Это был грандиозный и, быть может, по существу, утопический план. Чернышевский пронес его через крепость, каторгу, ссылку и в самые тяжелые моменты не оставлял мысли о хотя бы частичном его осуществлении. Но из него не осуществилось ничего, кроме отдельных, разбитых кирпичей, которые должны были пойти на верхний этаж.

Чернышевскому было 34 года в момент ареста. За предшествующие 7 лет работы (1855–1862) он напечатал 10 томов книг и статей, из которых длинный ряд были, по известному немецкому выражению, Epoche machend («эпохальными», делающими эпоху), а часть живы и сейчас («Антропологический принцип» — в философии, «Эстетические отношения» — в эстетике, «Очерки гоголевского периода» — в истории русской общественной мысли, политические обзоры — в истории Европы XIX в. и т. д.). За последние 27 лет (1862–1889) — кроме романа «Что делать?» — он смог напечатать лишь пару статей и… одно стихотворение. В этом была специфическая пытка, уготованная гиганту мысли, которой недаром в одном из сибирских писем своих спрашивал: «Всегда ли наилучшее место для жизни органического существа — его родина?»{141}. «Чорт догадал меня родиться в России с умом и талантом», воскликнул в свое время Пушкин.

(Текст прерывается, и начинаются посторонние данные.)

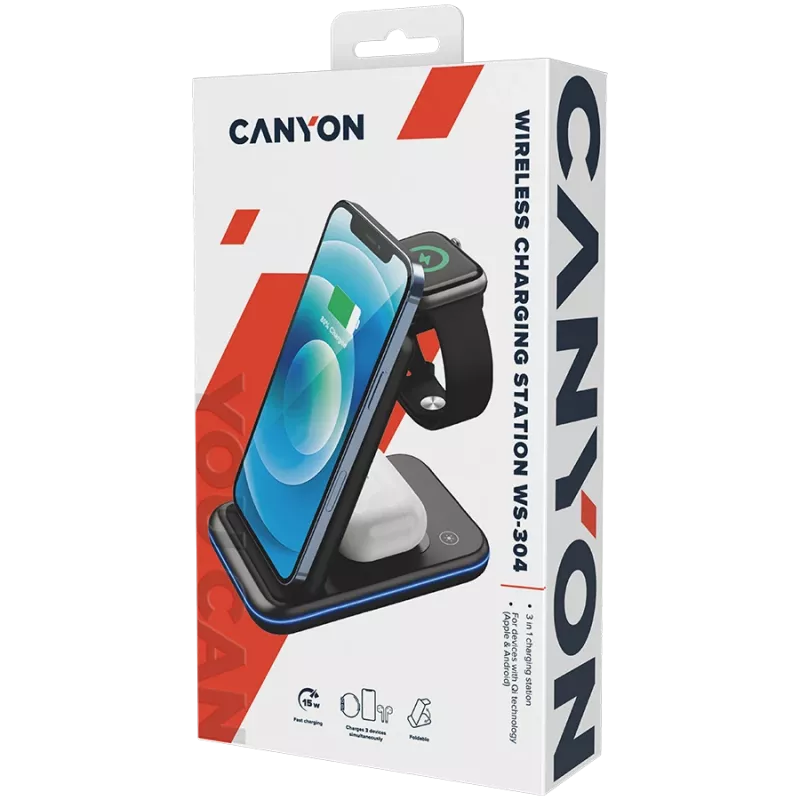 CANYON wireless charger WS-304 15W 3in1 Black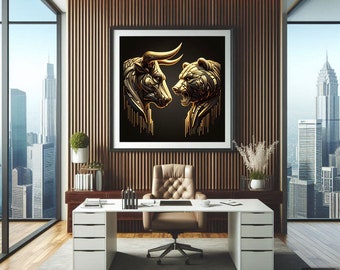 Bull and Bear Stock Market Art: 3D Abstract Design (Digital Download)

Убедившись, что роль политического руководителя для него надолго, если не навсегда, заказана, Чернышевский мечтал, что ему удастся еще поработать для своего дела в качестве ученого. На этом поприще он мог, действительно, явиться крупнейшей, выдающейся силой. Величайший из ученых его времени, К. Маркс, ознакомившись лишь с частью его трудов, которые воплотили лишь часть того, что сделал и мог сделать Чернышевский, признал в нем «великого русского ученого и критика» (предисловие к «Капиталу»), говорил, что «из всех современных экономистов Чернышевский представляет единственного действительно оригинального мыслителя…», что его «сочинения полны оригинальности, силы и глубины мысли», что они «представляют единственные из современных произведений по этой науке, действительно заслуживающие прочтения и изучения»{142}.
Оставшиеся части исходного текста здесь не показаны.